Agrippina continuava ad alimentare - anche con
accessi di rabbia - le proprie illusioni, incapace di accettare il proprio destino, che
pure le mandava segnali precisi.
Marco, invece, stava rivelando la sua natura
perversa, divertendosi a mettere in discussione le
scellerate certezze della moglie, che anziché comprendere la misera fine che
l'attendeva, pensava ancora di beffare tutti e ritornare al tavolo del potere...
«Tu... ancora non mi conosci... Marco... cough...
io sono potente...», e gonfiava le zinne, pensando con quelle di
ottenere tutto.
«Adesso, però, Potentissima Augusta, stai
attenta a non farti sorprendere, non abbassare la guardia... il viaggio è
ancora lungo...», Marco ricambiò l'arroganza della moglie con una velata minaccia e un triste gioco di parole.

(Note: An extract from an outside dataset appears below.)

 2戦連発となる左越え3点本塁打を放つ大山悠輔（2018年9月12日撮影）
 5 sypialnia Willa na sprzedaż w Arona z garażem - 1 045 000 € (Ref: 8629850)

Non era l'ingenuo che Agrippina pensava.
«Dubiti... di me... Marco...?».
«No, io credo in te, Agrippina.
Ma un pugio ti è uscito dalla schiena... e
pezzi di budella dalla pancia...».
«Sì... è vero... ma il colpo... ahh... non mi
ha uccisa... cough... non è mortale... Io stessa... l'ho indirizzato... uhh... come
volevo... cough...
Ero allenata a questo... ahh... le budella...
torneranno al loro posto... cough...».
«Adesso, basta... non parlare più...
Parlare ti fa tossire, e la tosse ti spinge fuori le
budella...
Non devi aggravarti, o tirare i freni non
basterà più...».
E Marco ebbe ragione, per Bacco e Priapo!
Si dice infatti che l'Augusta fosse già
cadavere quando fu sbarcata in Corsica, anche se le tendine della lettiga erano tenute
chiuse, durante la marcia forzata verso la casa
dell’esilio.
Calliope ha taciuto se fu lei a lasciar vedova la guardia, o quest'ultima la
moglie.
Non sempre al Vate è dato dissipare la nebbia
delle Muse!
Se il fato è potente, il dubbio
lo è di più!
Comunque i suoi trucchi non le erano serviti a niente, se non a dare materia a questo spettacolo, in cui vengono sviscerate le ultime ore
miserabili di Agrippina Augusta - madre del Sommo Figlio, Padre di tutti i
Romani - affondata con le budella in mano, pisciando dalla pancia per tacer
d’altro!
Pare comunque certo che si possa presagire sin d'ora che lo spettacolo della grossa sorca, con la bocca spalancata, gli occhi fissi al cielo, le mani a trattenere disperate un ammasso di
budella schizzate fuori dalla pancia, la tosse che infierisce, e i gemiti gutturali
con cui invoca di essere salvata, ingoiando nel frattempo sperma che le cola via dalla pancia
aperta, pare certo che - dicevamo - non mancherà di spillare
sborra e curiosità anche alla posterità!
E tutto questo per un colpo di pugio mal
digerito dalla vecchia zoccola!
«Applausi scroscianti, passerella e sipario:
credo proprio - tempo una decade - che nessuno si ricorderà più di Ovidio!».
«La ferita non si rimargina. Agrippina soffre di continue
emorragie».
«Anche se ha lo
stomaco diviso in due, il potere sarà diviso in tre».
«Soffrire fa male... sfuggire alla
morte è difficile... ma annaspare nello Stige può allungare la vita....»,
raccontava agli intimi. «L'importante è tirare avanti».
Una filosofia spicciola, ma
efficace; e un leggero spasmo della pancia a tranquillizzare tutti.